(Task requirements)
Among the lines below, output only those between the line holding "MEYLE 11-14 525 0048 - Bremsschlauch" and the line holding "Oculus quest 3 128 gb", inclusive, exactly as written and with no pictures.

(Extracted records)

*****

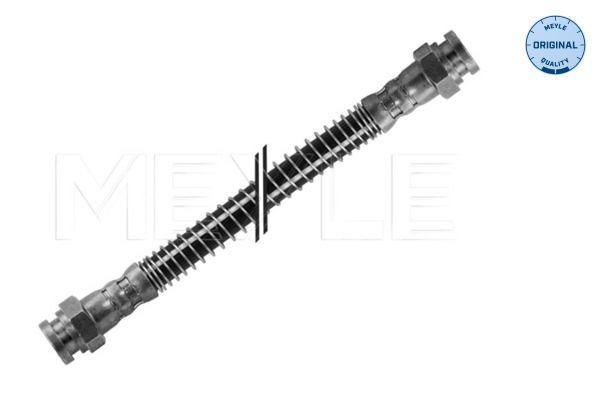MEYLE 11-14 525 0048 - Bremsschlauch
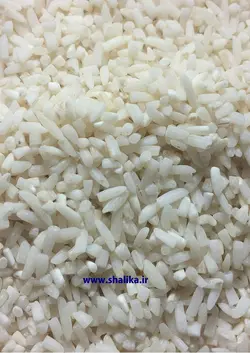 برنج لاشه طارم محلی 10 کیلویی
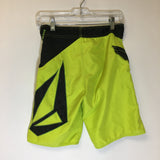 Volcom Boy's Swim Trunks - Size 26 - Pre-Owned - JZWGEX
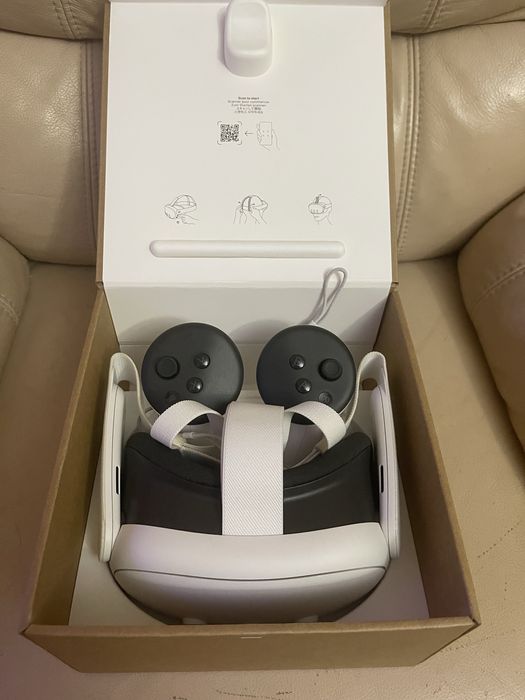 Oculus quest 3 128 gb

*****

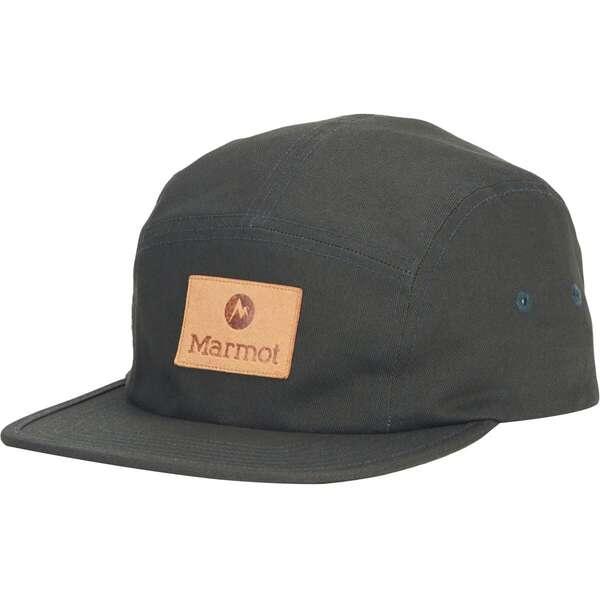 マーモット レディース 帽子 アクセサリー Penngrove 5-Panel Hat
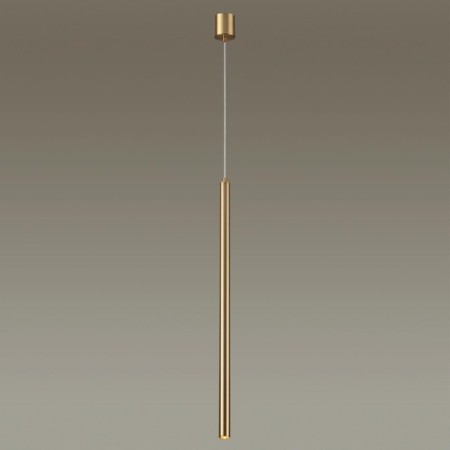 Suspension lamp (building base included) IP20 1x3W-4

*****

(Worked solution)
MEYLE 11-14 525 0048 - Bremsschlauch
 برنج لاشه طارم محلی 10 کیلویی
 Volcom Boy's Swim Trunks - Size 26 - Pre-Owned - JZWGEX
 Oculus quest 3 128 gb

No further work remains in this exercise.